Segment Open

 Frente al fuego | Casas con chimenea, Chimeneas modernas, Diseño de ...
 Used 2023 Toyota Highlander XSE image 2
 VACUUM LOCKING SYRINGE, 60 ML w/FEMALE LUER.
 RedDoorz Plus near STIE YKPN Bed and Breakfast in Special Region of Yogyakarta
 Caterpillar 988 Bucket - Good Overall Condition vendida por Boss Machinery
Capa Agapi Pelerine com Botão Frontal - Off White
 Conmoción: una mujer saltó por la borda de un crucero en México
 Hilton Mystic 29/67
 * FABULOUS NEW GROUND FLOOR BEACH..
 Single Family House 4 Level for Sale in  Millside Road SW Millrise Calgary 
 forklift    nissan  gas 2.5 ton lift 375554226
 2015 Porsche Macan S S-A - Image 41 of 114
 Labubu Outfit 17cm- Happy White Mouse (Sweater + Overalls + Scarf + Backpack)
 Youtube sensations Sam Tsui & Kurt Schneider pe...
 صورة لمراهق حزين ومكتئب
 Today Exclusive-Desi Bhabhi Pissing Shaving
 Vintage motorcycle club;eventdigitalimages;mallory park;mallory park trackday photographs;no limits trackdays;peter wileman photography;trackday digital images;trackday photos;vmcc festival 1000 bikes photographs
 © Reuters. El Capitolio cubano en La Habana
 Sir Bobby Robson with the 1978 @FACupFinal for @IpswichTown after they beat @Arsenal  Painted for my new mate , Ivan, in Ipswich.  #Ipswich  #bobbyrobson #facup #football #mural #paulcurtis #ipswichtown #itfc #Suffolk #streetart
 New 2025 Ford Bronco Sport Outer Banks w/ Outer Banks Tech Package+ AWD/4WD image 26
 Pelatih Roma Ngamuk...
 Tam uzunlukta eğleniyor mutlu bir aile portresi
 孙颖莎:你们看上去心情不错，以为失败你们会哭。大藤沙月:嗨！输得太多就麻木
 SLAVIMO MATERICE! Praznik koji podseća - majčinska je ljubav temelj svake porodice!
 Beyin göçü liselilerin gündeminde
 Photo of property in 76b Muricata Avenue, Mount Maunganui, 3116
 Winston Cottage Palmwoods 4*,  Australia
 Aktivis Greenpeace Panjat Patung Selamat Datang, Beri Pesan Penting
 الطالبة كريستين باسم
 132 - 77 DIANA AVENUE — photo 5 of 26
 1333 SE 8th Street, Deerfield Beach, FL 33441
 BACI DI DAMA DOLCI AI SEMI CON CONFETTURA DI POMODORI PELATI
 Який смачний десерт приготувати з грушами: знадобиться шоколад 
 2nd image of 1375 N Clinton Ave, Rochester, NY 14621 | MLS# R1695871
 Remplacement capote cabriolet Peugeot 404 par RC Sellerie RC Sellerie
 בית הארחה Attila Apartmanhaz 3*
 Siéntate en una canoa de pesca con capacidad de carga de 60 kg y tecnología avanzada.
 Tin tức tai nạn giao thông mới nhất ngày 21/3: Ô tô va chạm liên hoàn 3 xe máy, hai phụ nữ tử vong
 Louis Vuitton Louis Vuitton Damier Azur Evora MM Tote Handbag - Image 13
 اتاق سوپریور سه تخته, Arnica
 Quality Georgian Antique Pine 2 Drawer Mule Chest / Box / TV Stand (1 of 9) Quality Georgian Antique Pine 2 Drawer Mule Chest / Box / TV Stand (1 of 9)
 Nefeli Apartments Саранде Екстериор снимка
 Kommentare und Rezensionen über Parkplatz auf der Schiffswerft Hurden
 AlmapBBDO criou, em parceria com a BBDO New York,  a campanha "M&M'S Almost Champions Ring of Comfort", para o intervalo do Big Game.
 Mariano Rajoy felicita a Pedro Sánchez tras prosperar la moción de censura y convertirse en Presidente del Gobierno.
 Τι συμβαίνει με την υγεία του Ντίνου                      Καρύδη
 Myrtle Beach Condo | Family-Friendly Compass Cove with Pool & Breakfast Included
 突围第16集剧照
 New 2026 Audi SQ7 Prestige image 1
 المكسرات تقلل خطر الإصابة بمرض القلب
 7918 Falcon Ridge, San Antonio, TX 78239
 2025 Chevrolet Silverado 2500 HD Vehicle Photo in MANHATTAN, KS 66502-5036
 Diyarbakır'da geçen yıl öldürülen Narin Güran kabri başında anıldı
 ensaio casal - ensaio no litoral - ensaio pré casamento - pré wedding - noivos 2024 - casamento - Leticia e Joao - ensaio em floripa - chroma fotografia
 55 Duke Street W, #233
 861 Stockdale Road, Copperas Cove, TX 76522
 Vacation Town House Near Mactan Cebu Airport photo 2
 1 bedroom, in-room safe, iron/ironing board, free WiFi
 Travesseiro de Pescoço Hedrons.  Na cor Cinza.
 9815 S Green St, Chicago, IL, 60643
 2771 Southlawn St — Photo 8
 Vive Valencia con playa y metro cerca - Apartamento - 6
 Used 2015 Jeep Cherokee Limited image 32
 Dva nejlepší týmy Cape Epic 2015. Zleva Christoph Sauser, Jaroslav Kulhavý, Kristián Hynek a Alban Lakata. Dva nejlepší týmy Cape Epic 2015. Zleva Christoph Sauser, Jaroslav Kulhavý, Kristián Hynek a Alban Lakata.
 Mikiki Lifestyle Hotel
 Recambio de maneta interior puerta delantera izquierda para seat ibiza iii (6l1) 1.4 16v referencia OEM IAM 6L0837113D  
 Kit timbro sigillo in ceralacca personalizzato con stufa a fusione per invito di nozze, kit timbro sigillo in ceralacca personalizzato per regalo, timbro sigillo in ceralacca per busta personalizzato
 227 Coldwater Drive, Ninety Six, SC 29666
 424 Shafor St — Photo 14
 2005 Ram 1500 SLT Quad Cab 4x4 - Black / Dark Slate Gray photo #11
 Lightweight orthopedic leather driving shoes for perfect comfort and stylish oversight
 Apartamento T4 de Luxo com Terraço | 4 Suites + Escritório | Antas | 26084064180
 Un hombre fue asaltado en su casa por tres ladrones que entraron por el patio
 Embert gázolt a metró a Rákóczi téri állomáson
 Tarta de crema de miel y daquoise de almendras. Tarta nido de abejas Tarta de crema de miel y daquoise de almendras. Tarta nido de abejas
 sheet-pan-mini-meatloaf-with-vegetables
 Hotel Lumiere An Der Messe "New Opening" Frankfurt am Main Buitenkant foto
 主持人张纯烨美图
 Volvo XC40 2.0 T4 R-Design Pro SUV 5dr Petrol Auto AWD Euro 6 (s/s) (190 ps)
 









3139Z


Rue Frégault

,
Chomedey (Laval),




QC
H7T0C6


Segment Closed

EXERCISE DETAILS>
How many lines of the material hold the string "Family"? Answer with the number only.

SOLUTION TO THE EXERCISE>
2